Safely load untrusted YAML in Perl

Usually people deal with YAML files from trusted sources. But maybe you want to load input from a Website as YAML. This can lead to problems, and this article will talk about what you can do to make the loading safe.

The problems I'll talk about are loading objects, cyclic references and general parsing problems.

I will cover YAML.pm, YAML::Tiny, YAML::XS, YAML::Syck and YAML::PP.

Loading Objects

YAML can serialize objects, and here is a simple example of an object of the class 'Dice', which is an array of integers:

---
dice: !perl/array:Dice
  - 3
  - 6

# Supported by YAML::XS and YAML::Syck
another: !Dice
  - 3
  - 6

The resulting object is:

bless( [ 3, 6 ], 'Dice' )

Some modules allow disabling this feature, some don't, and some don't load objects at all.

Note that none of the modules actually loads the specified classes via use, they just bless the data structure, and if the Dice module is not loaded, there shouldn't be a problem.

It might not be obvious that this still can be a security problem. An exploit is not trivial, but possible.

If you know Perl's Implementation of Object Orientation, you probably know that you can add a DESTROY method to your class, which will automatically be called when the object falls out of scope or is set to undef.

If you're lucky, it might just generate an unwanted warning, like this example:

use DBI;
use YAML::XS;
my $yaml = <<EOM;
---
!!perl/hash:DBI::st { foo: bar }
EOM
my $data = Load $yaml;

__END__
SV = IV(0x56488cbda908) at 0x56488cbda918
  REFCNT = 1
  FLAGS = (ROK,READONLY,PROTECT)
  RV = 0x56488cbc6340
    SV = PVHV(0x56488cbccd90) at 0x56488cbc6340
      REFCNT = 1
      FLAGS = (OBJECT,SHAREKEYS)
      STASH = 0x56488cd099d0    "DBI::st"
      ARRAY = 0x56488cbe7b30  (0:7, 1:1)
      hash quality = 100.0%
      KEYS = 1
      FILL = 1
      MAX = 7
        Elt "foo" HASH = 0x6dd7bf3c
        SV = PV(0x56488cbc6e30) at 0x56488cbda888
          REFCNT = 1
          FLAGS = (POK,pPOK)
          PV = 0x56488ceb9250 "bar"\0
          CUR = 3
          LEN = 10
        (in cleanup) dbih_getcom handle DBI::st=HASH(0x56488cbc6340) is not a DBI handle (has no magic)

But think of File::Temp, which will remove a temporary file in its DESTROY method.

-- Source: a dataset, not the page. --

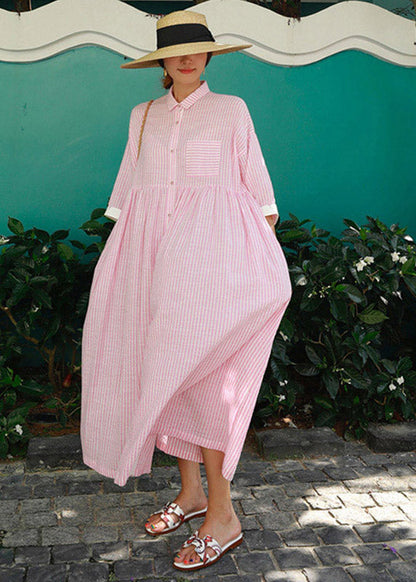 Zelia - Abito Lungo Rosa Boho Colletto Peter Pan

It has some protection against this kind of attack by keeping a record of the files it created but it still seems to be exploitable, as far as I know.

In any case, you don't want arbitrary user input to call a method on your server.

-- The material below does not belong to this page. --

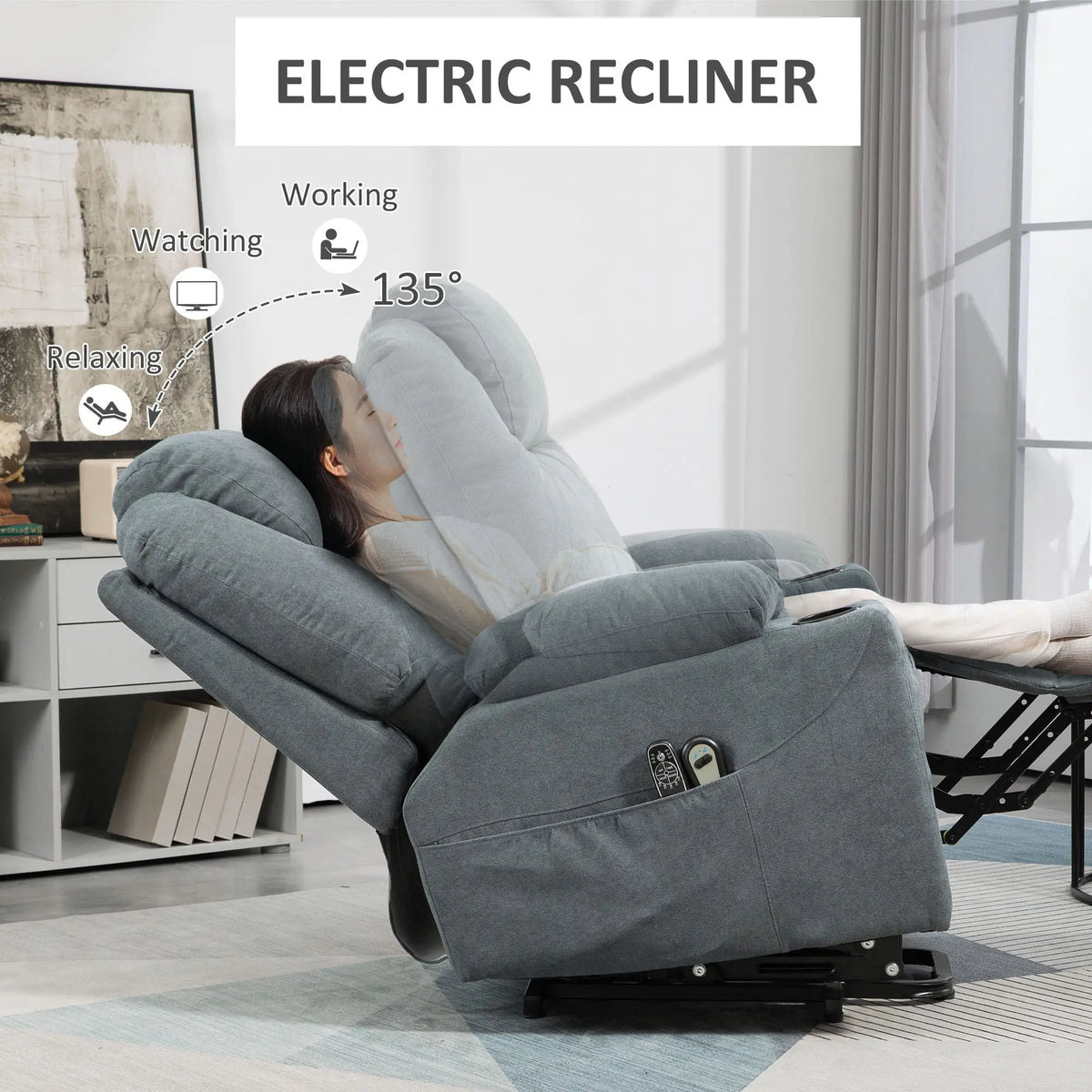 Charcoal gray electric recliner shown tilted back with footrest extended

In my first version of this article I mentioned that you can use Data::Structure::Util::unbless() to unbless all objects afterwards. This will not work if the YAML is syntactically invalid, as the YAML modules will start blessing things during parsing. Also, if you do a $data = Load $yaml instead of @data = Load $yaml, and the input contains more than one document, only the first will get stored, and all other will get destroyed before unbless() gets the chance to run.

So we have to look at the various modules, if they provide a way to not bless objects:

YAML::Tiny

YAML::Tiny doesn't support tags at all, so it also won't load any objects. Safe!

YAML::Syck

YAML::Syck lets you disable loading objects like this:

use YAML::Syck 1.21;
$YAML::Syck::LoadBlessed = 0;

YAML::XS

Since version 0.69, released in December 2017, YAML::XS also lets you disable objects:

use YAML::XS 0.69;
$YAML::XS::LoadBlessed = 0;

Note that if you enable Boolean support via $YAML::XS::Boolean, it will still load JSON::PP::Boolean or boolean.pm objects.

YAML.pm

In YAML.pm, you cannot disable this.

YAML::PP

YAML::PP cannot load objects yet, but when implemented, this will be off by default. Safe!

Cyclic references

YAML supports serializing references via Anchors/Aliases:

---
some mapping: &mymap
  a: 1
  b: 2
  c: 3
the same mapping: *mymap

The resulting data structure printed by Data::Dumper looks like that:

$VAR1 = {
  'some mapping' => {
    'c' => 3,
    'a' => 1,
    'b' => 2
  },
  'the same mapping' => $VAR1->{'some mapping'}
};

So far, so good. But it also supports cyclic references, so you can serialize graphs with it.

---
nodes:
- &NodeA
  name: NodeA
  links:
  - &NodeB
    name: NodeB
    links:
    - *NodeA
- *NodeB
...

Output by Data::Dumper:

$VAR1 = {
  'nodes' => [
    {
      'name' => 'NodeA',
      'links' => [
        {
          'name' => 'NodeB',
          'links' => [
            $VAR1->{'nodes'}[0]
          ]
        }
      ]
    },
    $VAR1->{'nodes'}[0]{'links'}[0]
  ]
};

If you deal with such data structures, you probably know that they can cause a memory leak because perl's garbage collection still thinks the variable is referenced from somewhere.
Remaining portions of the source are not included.